Bit as a key

Everything about buying, using, and managing OpenVMS systems not covered by other sections.
Post Reply

Topic author
kwfeese
Contributor
Posts: 10
Joined: Fri Nov 18, 2022 11:34 am
Reputation: 0
Status: Offline

Bit as a key

Post by kwfeese » Wed Mar 29, 2023 6:22 pm

We have a file that uses the bit to determine what to do in a particular situation with an account.

I want to skip all the accounts where the 5th bit is set to a certain value and was wondering if it's possible to create an alternate key on the specific bit in the field I'm trying to bypass.

The field is one character in length but I'm only focused on the 5th bit.


joukj
Master
Posts: 158
Joined: Thu Aug 27, 2020 5:50 am
Reputation: 0
Status: Offline

Re: Bit as a key

Post by joukj » Thu Mar 30, 2023 2:39 am

Most programming languages have this option. Below I give an example in Fortran (which I know best)

character*1 ch
integer*1 i1
equivalence (i1 , ch )
open(init=1 , file='your file' )
read(1,'(a)' ) ch
if (btest( I1 , 5-1) )then
..... action for 5th bit set
else
.actioin for 5th bit not set
endif
Last edited by joukj on Thu Mar 30, 2023 2:41 am, edited 1 time in total.


sms
Master
Posts: 310
Joined: Fri Aug 21, 2020 5:18 pm
Reputation: 0
Status: Offline

Re: Bit as a key

Post by sms » Thu Mar 30, 2023 2:48 am

Code: Select all

> We have a file [...]

   And you're reading it how, exactly?  Some high-level language
built-ins?  RMS system services?  Other?

> [...] alternate key on the specific bit in the field [...]

   I know nothing, but I don't see how you'd specify it.  According to
the "VSI OpenVMS Record Management Services Reference Manual":

      https://vmssoftware.com/docs/VSI_RMS_Ref_Manual_23Jul19.pdf

      7.10. RAB$B_KSZ Field

      The key size (KSZ) field contains a numeric value equal to the
      size, in bytes, of the record key pointed to by the RAB$L_KBF
      field. 

   How would you specify a key size of one bit, "in bytes"?

   Knowing what I know, I'd guess that you've compacted your data too
much to make that kind of selection easy.

      "See the Guide to OpenVMS File Applications for more information
      about accessing indexed records."


> Most programming languages have this option. [...]

   You can examine a bit in any language where you can do arithmetic,
but that's not using it as an RMS key.  (Which is how I read the
original question.)


tim.stegner
VSI Expert
Valued Contributor
Posts: 55
Joined: Wed Jul 21, 2021 9:14 am
Reputation: 0
Status: Offline

Re: Bit as a key

Post by tim.stegner » Thu Mar 30, 2023 8:35 am

It's -possible-, but probably not the way you'd normally think to do so.
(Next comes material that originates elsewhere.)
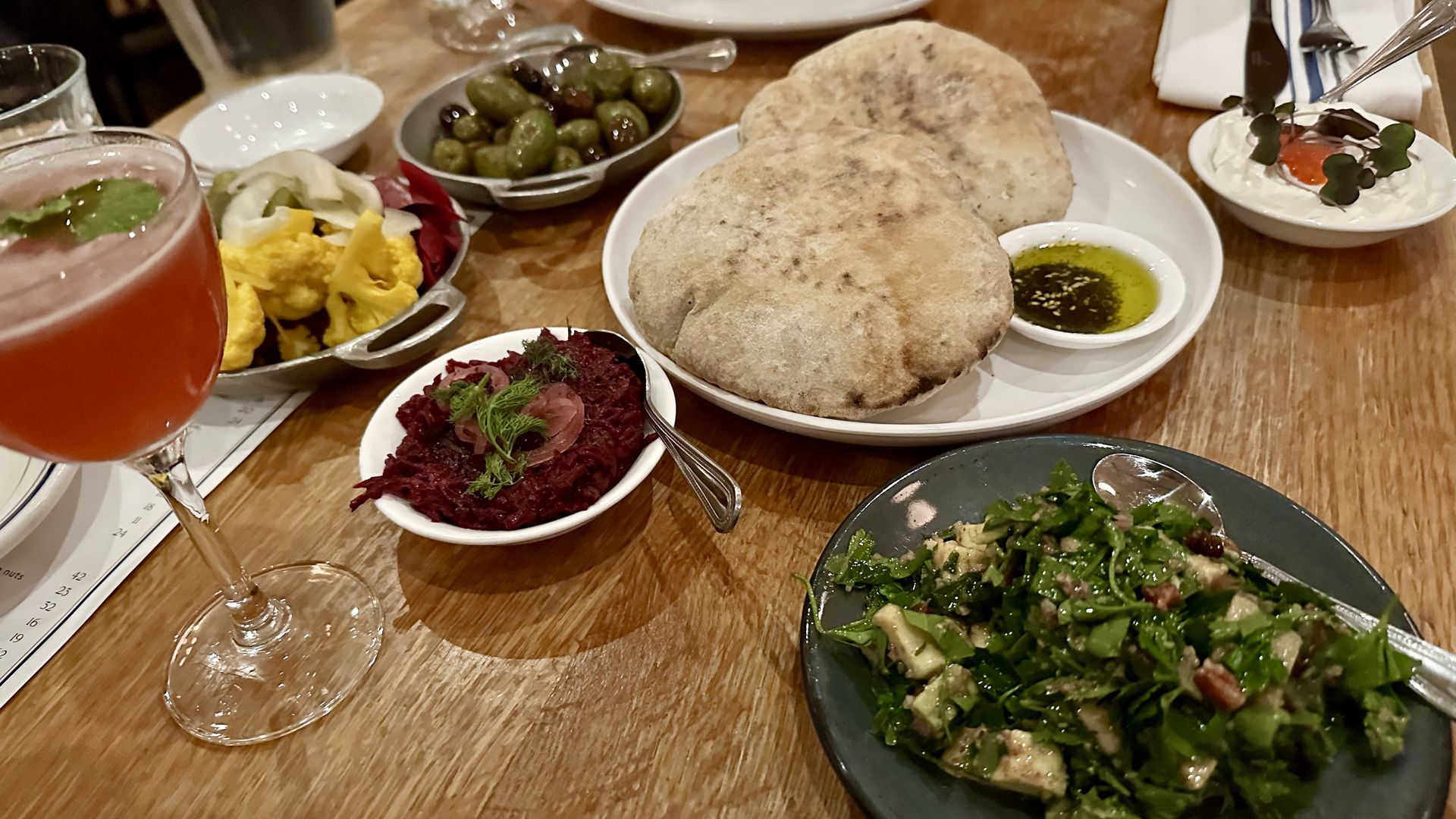 Photo shows a variety of Israeli food on the table, including homemade pita.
As previous poster stated, the smallest piece of record you can set as a key will be a single byte, in your case the character field you referenced. if it's really important to be able to access those records via that bit, and not just be part of other queries, the solution I see is to create a new field in the record which is populated with the value of that fifth bit only. This means commensurate changes to the application to keep the field up-to-date.

User avatar

arne_v
Master
Posts: 299
Joined: Fri Apr 17, 2020 7:31 pm
Reputation: 0
Location: Rhode Island, USA
Status: Offline
Contact:

Re: Bit as a key

Post by arne_v » Thu Mar 30, 2023 5:25 pm

As already stated by several posters then indexes use keys that have byte offset and byte length, so you cannot just add an index to the file.

I see 3 options:

A) live with the cost of sequential scan of the entire file when you need to search for those bit values - if the bit in question is on/off 50%/50% and randomly distributed then the overhead of sequential scan is probably not that big (everything will need to be read from disk to memory anyway)

B) convert the file - like changing the 1 byte (with 8 bit values) to 8 bytes and creates indexes on those bytes that you need indexes on - that is a clean solution, but all applications using the file will need to change the file definition and the handling of this data from bits to bytes (changing all applications may or may not be a problem)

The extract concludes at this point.